Task requirements:
Take the records below and set down exactly the lines from the one with "Flame Retardant Pcr" to the one with "original Glanzberg property record", ends included; do not copy the pictures.

Supplied information:
----------
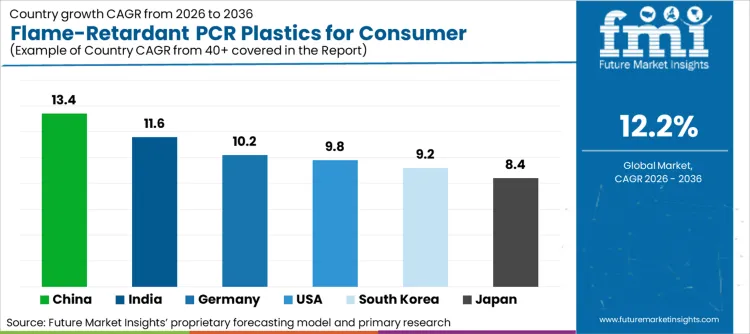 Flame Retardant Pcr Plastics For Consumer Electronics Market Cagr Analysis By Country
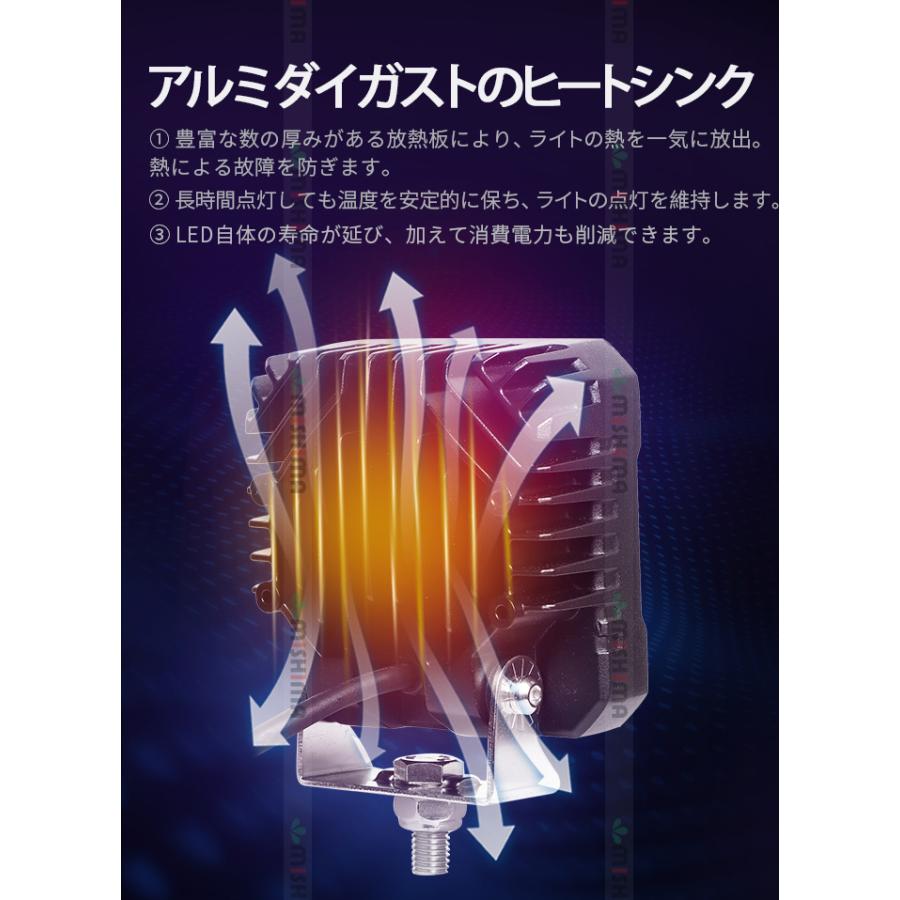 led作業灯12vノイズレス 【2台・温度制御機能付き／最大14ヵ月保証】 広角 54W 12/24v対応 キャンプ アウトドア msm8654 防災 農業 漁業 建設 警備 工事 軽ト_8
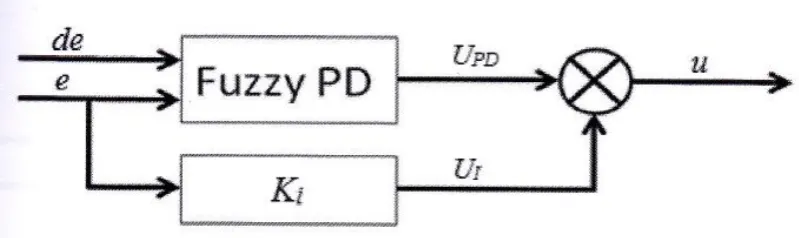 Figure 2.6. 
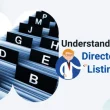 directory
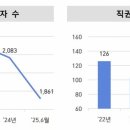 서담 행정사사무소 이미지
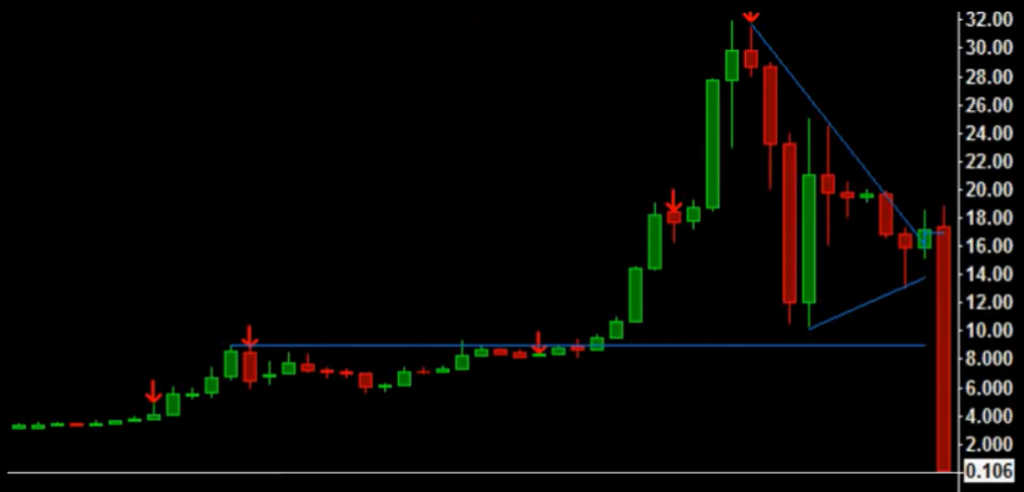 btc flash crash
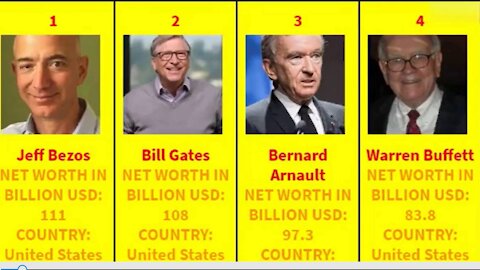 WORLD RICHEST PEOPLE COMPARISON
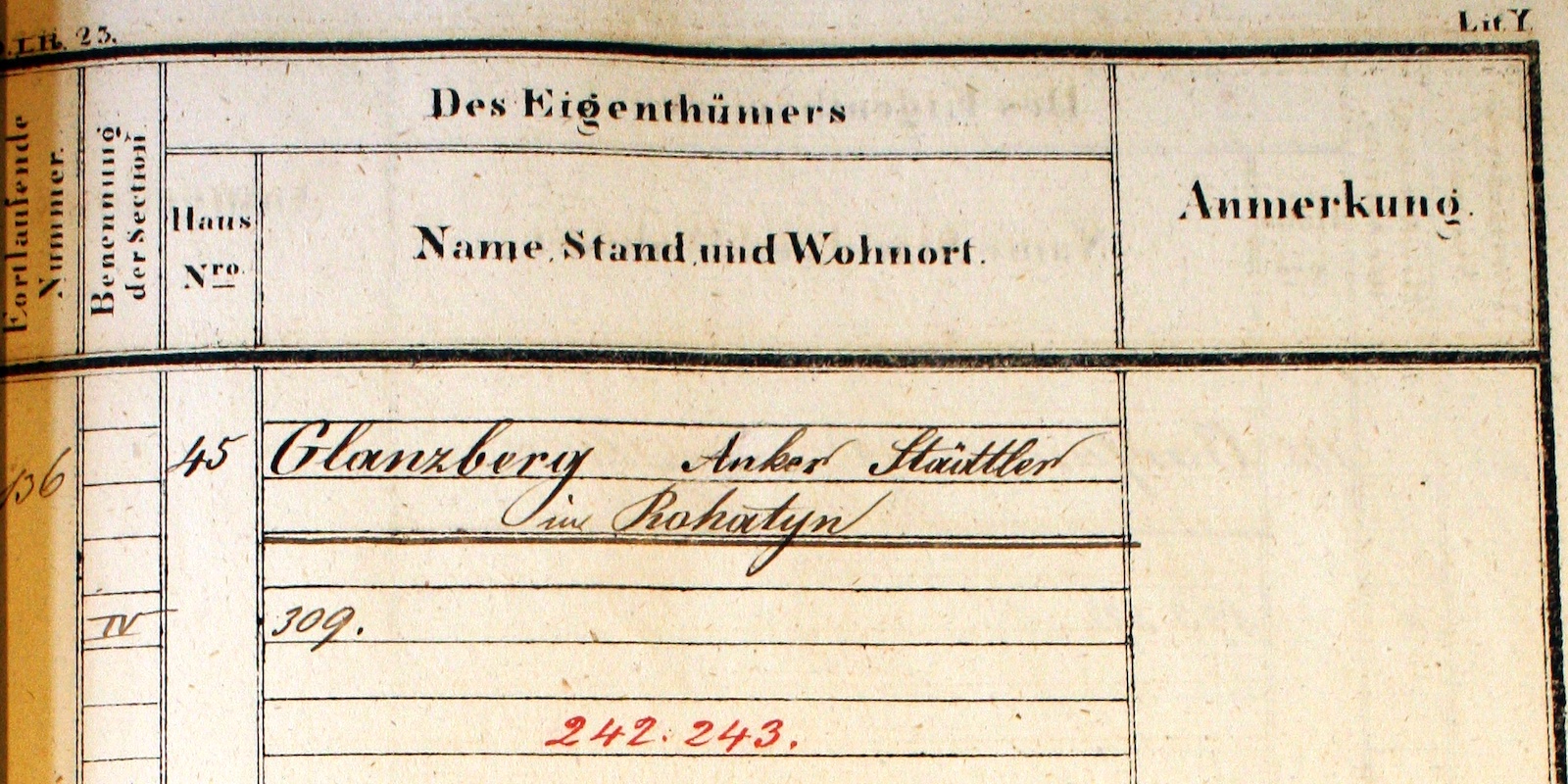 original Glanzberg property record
----------
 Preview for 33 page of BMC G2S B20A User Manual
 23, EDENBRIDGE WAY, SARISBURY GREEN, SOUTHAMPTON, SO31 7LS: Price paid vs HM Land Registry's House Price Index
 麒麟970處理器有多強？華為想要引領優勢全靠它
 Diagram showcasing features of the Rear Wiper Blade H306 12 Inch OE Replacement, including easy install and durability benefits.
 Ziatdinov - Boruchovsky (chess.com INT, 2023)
----------
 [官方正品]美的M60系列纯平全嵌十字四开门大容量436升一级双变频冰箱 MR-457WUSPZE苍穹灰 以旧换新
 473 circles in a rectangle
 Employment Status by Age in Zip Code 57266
----------
Answer to the problem:
 Flame Retardant Pcr Plastics For Consumer Electronics Market Cagr Analysis By Country
 led作業灯12vノイズレス 【2台・温度制御機能付き／最大14ヵ月保証】 広角 54W 12/24v対応 キャンプ アウトドア msm8654 防災 農業 漁業 建設 警備 工事 軽ト_8
 Figure 2.6. 
 directory
 서담 행정사사무소 이미지
 btc flash crash
 WORLD RICHEST PEOPLE COMPARISON
 original Glanzberg property record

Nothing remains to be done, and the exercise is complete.